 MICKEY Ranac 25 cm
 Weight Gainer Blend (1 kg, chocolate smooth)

* * *

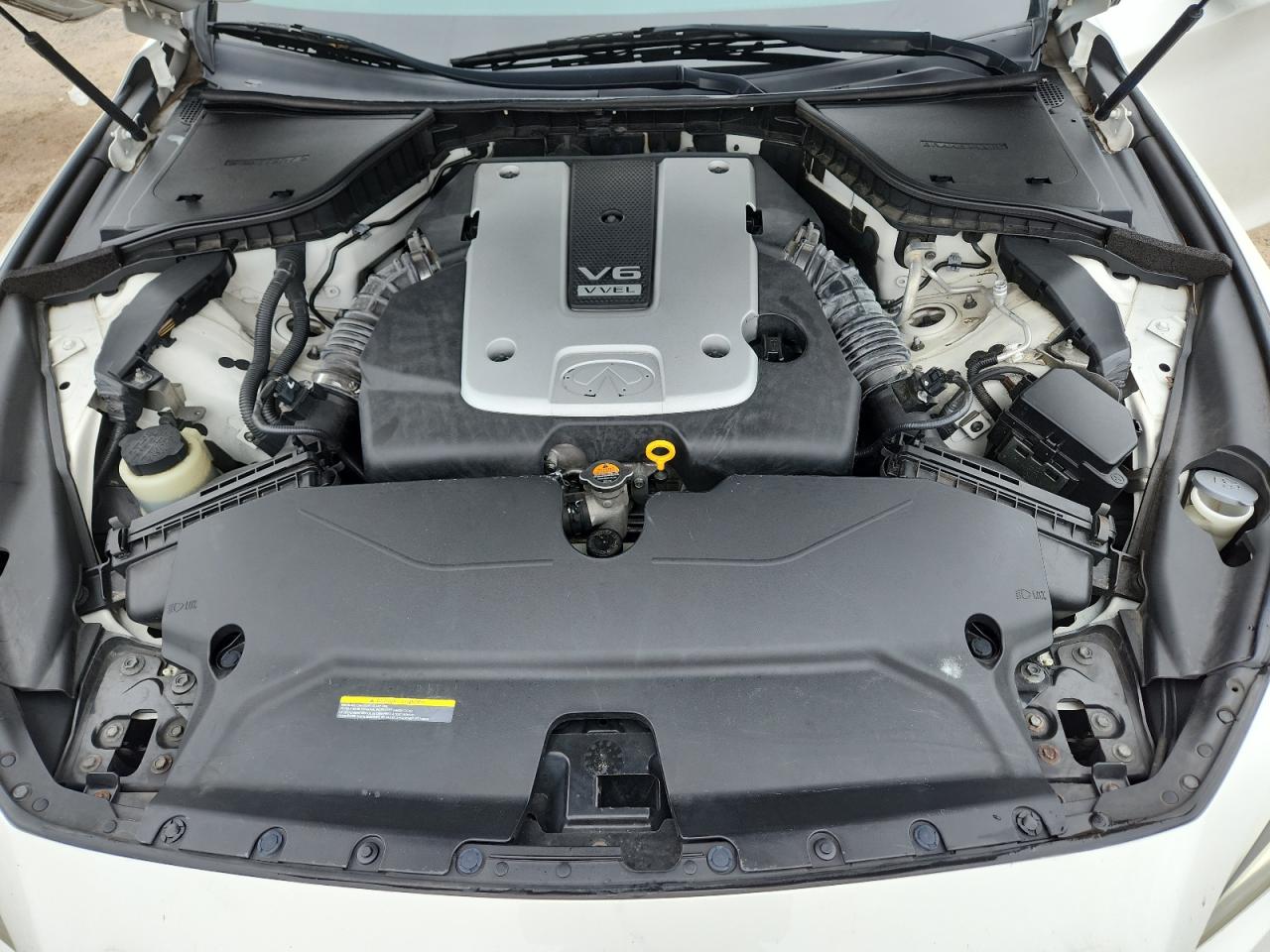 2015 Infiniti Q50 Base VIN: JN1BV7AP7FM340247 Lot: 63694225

> **Your goal**: Send back exactly the lines of the listing above starting at the one with "MICKEY Ranac 25 cm" and ending at the one with "Weight Gainer Blend (1 kg, chocolate smooth)", inclusive, and no others.

> **Answer**:
 MICKEY Ranac 25 cm
 Weight Gainer Blend (1 kg, chocolate smooth)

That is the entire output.